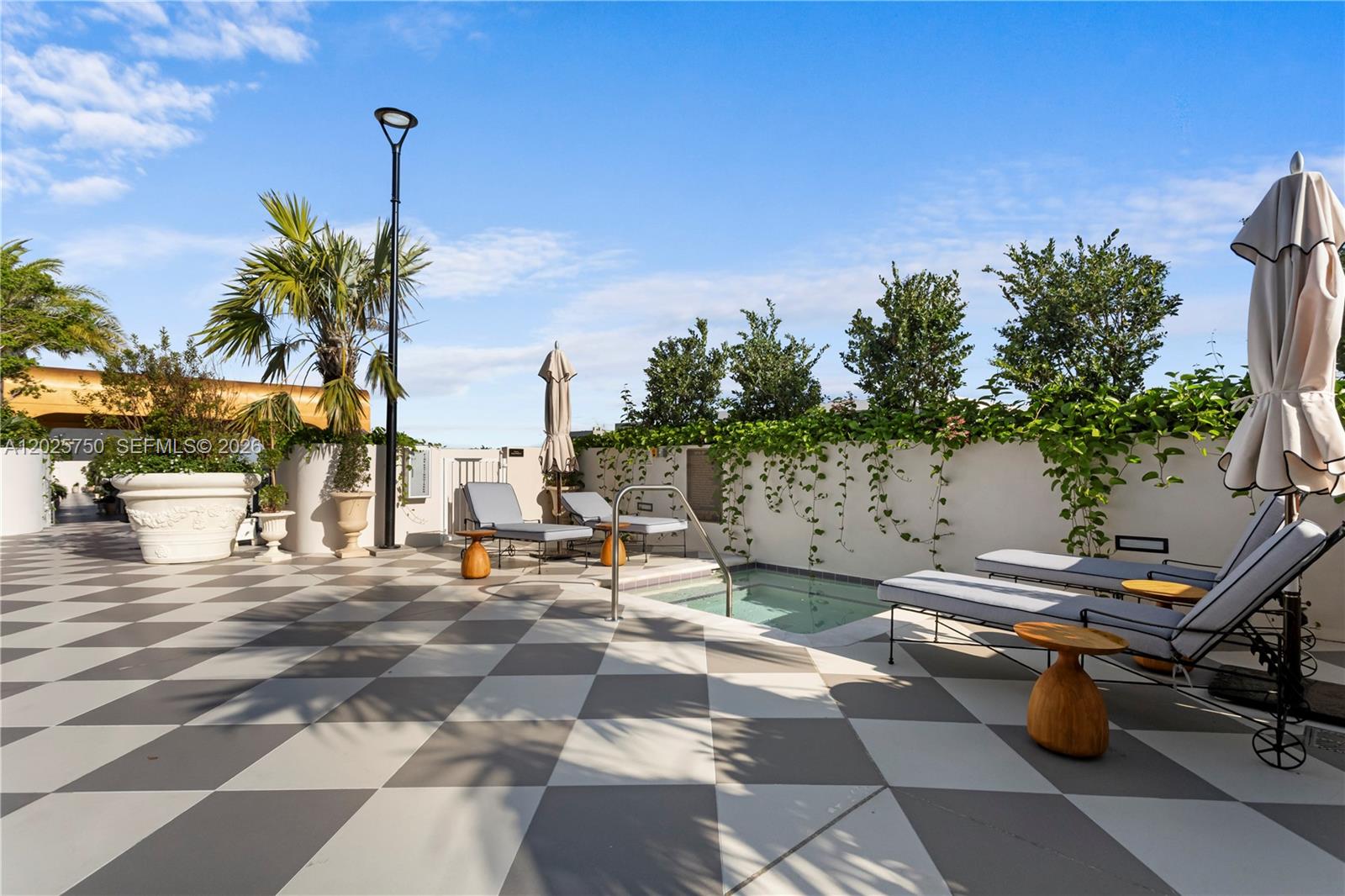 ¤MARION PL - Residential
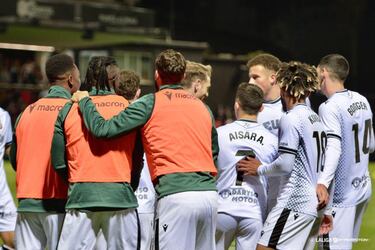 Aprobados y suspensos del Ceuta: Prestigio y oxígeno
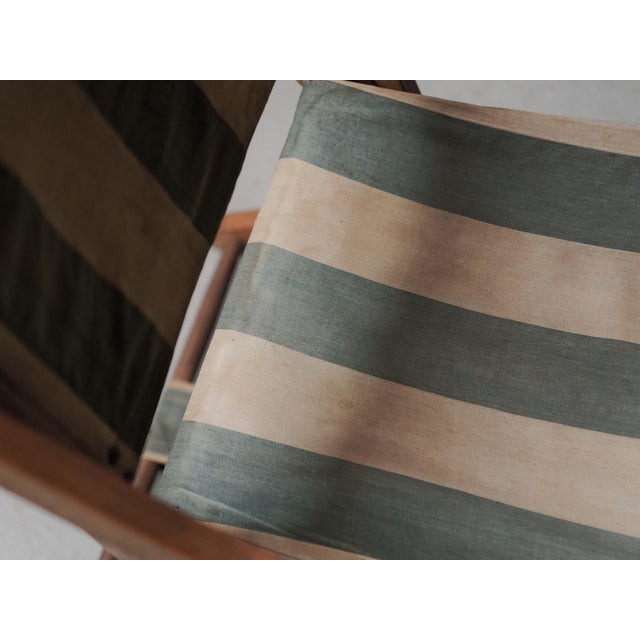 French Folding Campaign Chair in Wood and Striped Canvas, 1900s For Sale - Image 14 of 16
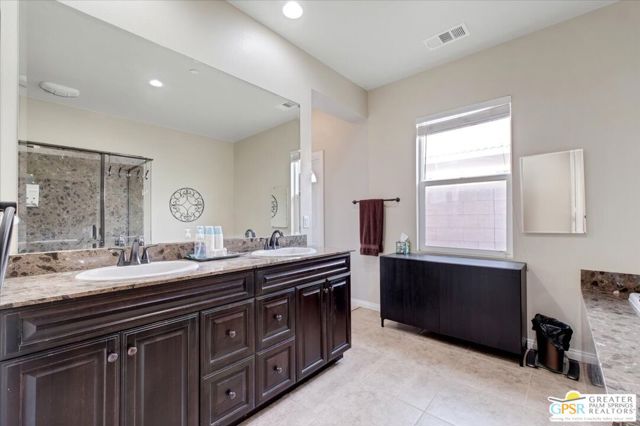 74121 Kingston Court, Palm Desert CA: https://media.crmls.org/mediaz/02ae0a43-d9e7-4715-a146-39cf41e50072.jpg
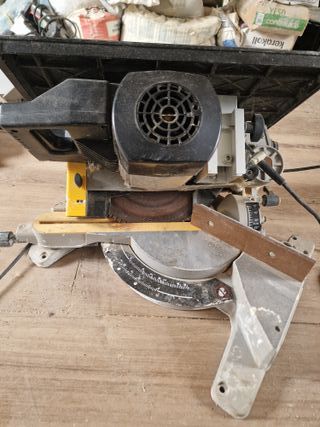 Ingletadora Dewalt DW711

•••••

--- Exercise details ---
The answer must repeat every record exactly, with all pictures left out.

--- Written response ---
 ¤MARION PL - Residential
 Aprobados y suspensos del Ceuta: Prestigio y oxígeno
 French Folding Campaign Chair in Wood and Striped Canvas, 1900s For Sale - Image 14 of 16
 74121 Kingston Court, Palm Desert CA: https://media.crmls.org/mediaz/02ae0a43-d9e7-4715-a146-39cf41e50072.jpg
 Ingletadora Dewalt DW711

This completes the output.